Special functions associated to a certain fourth order differential equation

TL;DR

This paper develops a theory of special functions linked to a specific fourth order differential operator, revealing their properties and connections to minimal representations of orthogonal groups.

Contribution

It introduces a new class of special functions associated with a fourth order operator, including explicit formulas, orthogonality, and their role in representation theory.

Findings

Derived generating functions for eigenfunctions.

Established orthogonality and completeness properties.
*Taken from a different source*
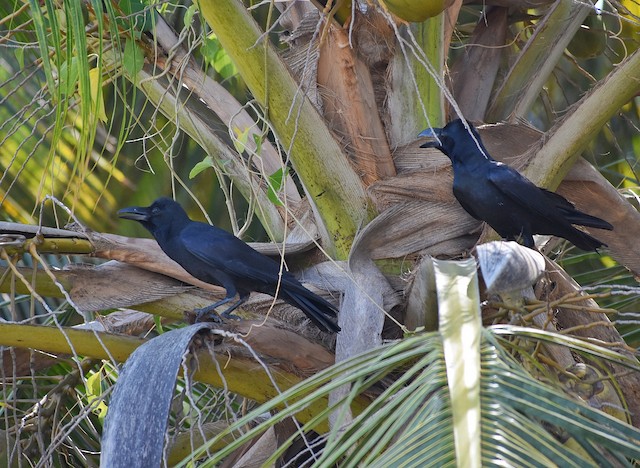 Large-billed Crow - eBird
Connected functions to minimal representations of O(p,q).

Abstract

We develop a theory of "special functions" associated to a certain fourth order differential operator $\mathcal{D}_{\mu,\nu}$ on $\mathbb{R}$ depending on two parameters $\mu,\nu$. For integers $\mu,\nu\geq-1$ with $\mu+\nu\in2\mathbb{N}_0$ this operator extends to a self-adjoint operator on $L^2(\mathbb{R}_+,x^{\mu+\nu+1}dx)$ with discrete spectrum. We find a closed formula for the generating functions of the eigenfunctions, from which we derive basic properties of the eigenfunctions such as orthogonality, completeness, $L^2$-norms, integral representations and various recurrence relations. This fourth order differential operator $\mathcal{D}_{\mu,\nu}$ arises as the radial part of the Casimir action in the Schr\"odinger model of the minimal representation of the group $O(p,q)$, and our "special functions" give $K$-finite vectors.